INSOLENT COMME UN QUI APPARAÎT MÊME QU'IL EXISTE PAS

 

1.

Une chanson à la radio qu'le narrachanteur sur un ton désenchanté, fataliste et pas joyeux, répète qu'il « est temps d'aller se baigner ».

 

Narrachanteur : narrateur qui narratte en musique que des fois s'il y avait pas la musique, on s'en apercevrait qu'c'est idiot son truc.

 

Note : je mets deux « t » à la forme « narratte » pour faire plus narratatif.

 

2.

Sans les films comiques, des fois la mélancolie elle en emporterait quelques uns dans sa nuit, qu'alors on leur doit la vie aux « Visiteurs ».

 

3.

Sont-ce les fantômes qui nous hantent ou nous qui n'existons que par nos fantômes ?

 

Sans déconner, le paradis technologique qu'on nous promet hein ça s'rait-y pas le grand avènement de l'ère des fantômes ?

 

4.

Je comprends ainsi l'interdit de tuer : ôtant une vie, nous annihilons tous les fantômes qui c'te vie la composaient.

 

5.

Les fantômes i nous apparaissent en habits de songe, genre film en costumes voyez une façon de bal des disparus.

 

6.

Nous pensons que les fantômes font exprès de se manifester.

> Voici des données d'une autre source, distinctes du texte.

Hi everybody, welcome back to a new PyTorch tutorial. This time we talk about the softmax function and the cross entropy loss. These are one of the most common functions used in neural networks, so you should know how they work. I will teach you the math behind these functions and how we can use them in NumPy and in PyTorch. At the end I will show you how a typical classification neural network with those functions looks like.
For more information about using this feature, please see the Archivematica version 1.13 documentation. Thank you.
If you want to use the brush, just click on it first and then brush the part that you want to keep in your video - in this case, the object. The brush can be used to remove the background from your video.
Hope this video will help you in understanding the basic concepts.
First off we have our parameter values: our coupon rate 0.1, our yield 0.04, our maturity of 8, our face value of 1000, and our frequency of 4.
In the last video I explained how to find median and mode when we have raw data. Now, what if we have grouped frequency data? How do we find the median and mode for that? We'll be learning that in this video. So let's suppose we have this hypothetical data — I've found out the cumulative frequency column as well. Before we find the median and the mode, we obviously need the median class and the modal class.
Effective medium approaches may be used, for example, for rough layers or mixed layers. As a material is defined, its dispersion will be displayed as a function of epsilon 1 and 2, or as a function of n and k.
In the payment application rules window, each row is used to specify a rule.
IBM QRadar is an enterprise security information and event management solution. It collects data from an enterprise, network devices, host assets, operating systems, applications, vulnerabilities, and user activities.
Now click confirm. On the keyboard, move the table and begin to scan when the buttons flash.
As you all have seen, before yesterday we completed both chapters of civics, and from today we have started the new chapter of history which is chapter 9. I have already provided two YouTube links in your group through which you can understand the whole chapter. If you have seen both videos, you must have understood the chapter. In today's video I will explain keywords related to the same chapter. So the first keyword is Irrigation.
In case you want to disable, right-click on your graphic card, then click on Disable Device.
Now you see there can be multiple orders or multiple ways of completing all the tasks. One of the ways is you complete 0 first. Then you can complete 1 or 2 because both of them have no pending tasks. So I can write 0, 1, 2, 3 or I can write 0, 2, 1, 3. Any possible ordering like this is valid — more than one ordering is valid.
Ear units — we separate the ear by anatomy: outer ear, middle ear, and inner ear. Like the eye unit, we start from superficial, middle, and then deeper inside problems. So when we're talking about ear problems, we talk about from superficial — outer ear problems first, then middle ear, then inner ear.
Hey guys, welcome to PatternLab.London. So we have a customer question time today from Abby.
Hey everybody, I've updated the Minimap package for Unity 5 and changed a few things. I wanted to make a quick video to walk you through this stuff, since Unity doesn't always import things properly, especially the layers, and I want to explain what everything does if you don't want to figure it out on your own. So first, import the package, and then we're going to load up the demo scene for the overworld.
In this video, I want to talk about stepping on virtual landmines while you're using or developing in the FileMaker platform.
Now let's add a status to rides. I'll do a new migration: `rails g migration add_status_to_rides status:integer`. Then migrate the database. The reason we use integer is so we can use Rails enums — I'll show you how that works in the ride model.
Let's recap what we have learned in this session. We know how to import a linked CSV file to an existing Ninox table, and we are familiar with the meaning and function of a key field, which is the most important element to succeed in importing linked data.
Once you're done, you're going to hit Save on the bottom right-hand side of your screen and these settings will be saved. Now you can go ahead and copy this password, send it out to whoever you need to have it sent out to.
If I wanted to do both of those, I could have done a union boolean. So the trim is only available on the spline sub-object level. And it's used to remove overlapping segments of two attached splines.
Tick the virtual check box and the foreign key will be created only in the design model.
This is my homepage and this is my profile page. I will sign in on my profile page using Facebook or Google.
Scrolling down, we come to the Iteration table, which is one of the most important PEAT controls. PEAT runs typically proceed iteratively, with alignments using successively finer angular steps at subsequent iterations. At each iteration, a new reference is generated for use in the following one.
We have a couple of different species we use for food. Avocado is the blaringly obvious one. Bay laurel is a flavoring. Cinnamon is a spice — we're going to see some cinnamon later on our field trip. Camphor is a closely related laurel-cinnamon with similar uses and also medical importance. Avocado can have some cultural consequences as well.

Je n'en crois rien. Je pense qu'ils vaquent à leurs affaires spectrales et que parfois, par distraction, ils oublient de se masquer tout à fait.

 

Aussi je n'apprécie guère ces prétendus « chasseurs de fantômes ». Qu'ils laissent donc les ombres traverser la nuit et le temps.

 

Sans les fantômes, la nuit serait bien vide, ou bien pleine de crapules vivantes, bien qu'il y ait, c'est sûr, des spectres malveillants.

 

La nuit et les manoirs ne restent jamais seuls très longtemps.

 

Un fantôme urbain, c'est d'la perversité. La campagne est le lieu même du fantôme, qu'il y traîne tout d'même un peu moins d'voyous.

 

Ce bref leur suppose quelque noblesse aux fantômes. C'est vous dire si je songe.

 

7.

Sont-ce-t-y pas les voix qui l'agitèrent la Jeanne d'Arc ou plutôt Jeanne qui les anima les ouvrit dans l'air comme des gorges déployées ?

 

8.

Ce ne sont pas les esprits qui parlent mais quelque puissance au cœur du chaipakoi qui manifeste son trouble.

 

9.

Me souviens d'avoir entendu parler – c'était il y a quelques mois sur France Culture dans l'émission « Mauvais genres » - d'une drôle d'affaire pendant la guerre : une enquête sur une maison « hantée », menée par un fonctionnaire de police particulièrement méticuleux et dont les conclusions pointaient vers des manifestations provoquées semble-t-il malgré elle, par, dit-on, la fille de la maison, une adolescente perturbée.

 

10.

Les films sont faits de souffles coupés. Ils sont d'ailleurs voués à être vus comme autant de spectacles fantomatiques.

 

11.

« L’œil tué n'est pas mort

Un coin le fend encor »

(Tristan Corbière, « Cris d'aveugle »)

 

L’œil qu'on y voit dedans

Tué zieutez le vitreux d'l'œil quand il est tué

N'est n'est-il pas n'est-il point

N'est comme le Maréchal à Napoléon alors çui-là qui chargea à Waterloo Waterloo morne plaine

N'est comme Neneh Cherry j'sais plus c'qu'elle chantait

Pas mort encore je traîne mon ombre (j'aime bien cette image de l'ombre en traîne de robe noire)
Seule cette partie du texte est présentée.